Cardinal Joseph Ratzinger is living proof that the terms “liberal” and “conservative,” when applied to the Catholic faith, are both meaningless and misleading. Hailed as a leading “liberal” theologian at the Second Vatican Council, Ratzinger is and always has been a faithful son of the Church. The irony is that, now, four decades after the council, some critics claim he is a rigid, “right-wing” traditionalist. But those who have followed the work and thought of the prefect of the Congregation for the Doctrine of the Faith know he is one of the finest theologians alive today — a man whose knowledge of God and the world is deep, wide and thoroughly Catholic.

And so God and the World: Believing and Living in Our Time is an apt title for Cardinal Ratzinger's latest book, an interview conducted by the German journalist Peter Seewald. This is the cardinal's third such interview with Seewald and, just as in The Ratzinger Report (1987) and Salt of the Earth (1997), Cardinal Ratzinger answers questions and comments on a vast array of topics. In essence, God and the World is “The Cardinal's Catechism,” for the structure and chronology of the book has a decidedly catechetical sensibility. The prologue focuses on the theological virtues of faith, hope and love; the three parts of the book take on, in sequence, the topics of God, Jesus Christ and the Church.

Cardinal Ratzinger's brilliance shines forth through the crystalline focus and cohesiveness of his theological vision. He repeatedly returns, from varying angles, to key themes: the centrality of the Trinity, the heart of love forming the core of Christianity, the paradoxical realities of the faith. There is much discussion of the tensions and relationships between love and righteous anger, faith and reason, and the supernatural and the natural. In speaking of love, Cardinal Ratzinger states, “We must think of love as suffering,” and later notes, “Punishment is the situation in which man finds himself if he has alienated himself from his own essential being.” He concludes that God's love and wrath are not in conflict but are different sides of the same theological coin: “The wrath of God is a way of saying that I have been living in a way that is contrary to the love that is God. Anyone who begins to live and grow away from God, who lives away from what is good, is turning his life toward wrath.”

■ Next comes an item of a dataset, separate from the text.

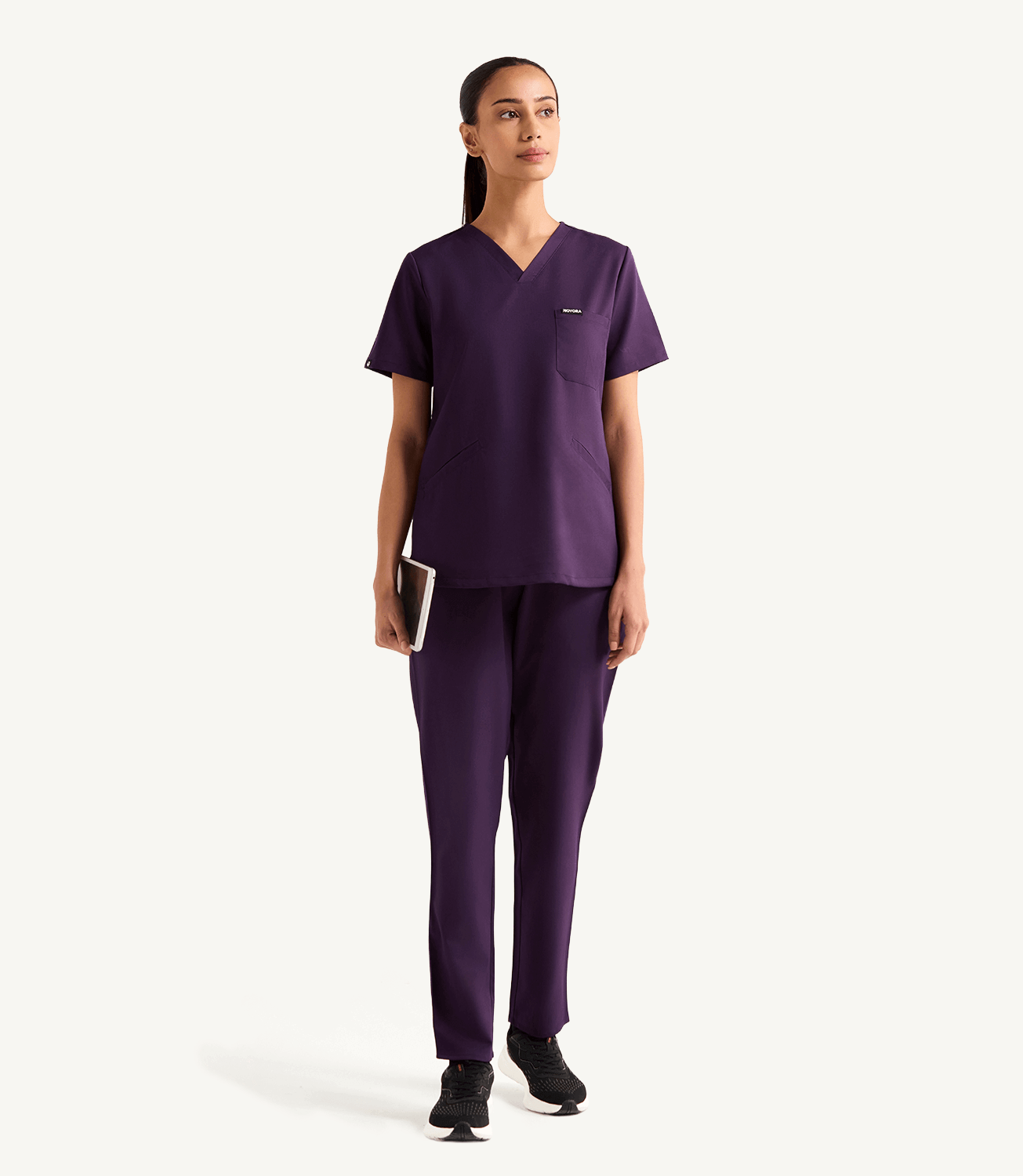 Women Galaxy 5 Pocket Scrubs Stretch Fabric Technical Full Front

I admire how the cardinal is able to be both charitable and pointed in speaking on controversial issues. Some of the strongest statements are made about the issue of faith. “Faith,” the prefect states, “is not just a system of knowledge, things we are told; at the heart of it is a meeting with Jesus.” All those who meet Jesus will pay a cost for how they react to him. “Whoever comes close to [Christ] … must be prepared to be burned,” he exclaims. “Christianity is great because love is great. It burns, yet this is not the destructive fire but one that makes things bright and pure and free and grand. Being a Christian, then, is daring to entrust oneself to this burning fire.” The brightness of that fire burns strongly in this book. Those who encounter it will find themselves warmed, challenged and inspired.

Carl Olson, editor of Envoy magazine, writes from Heath, Ohio.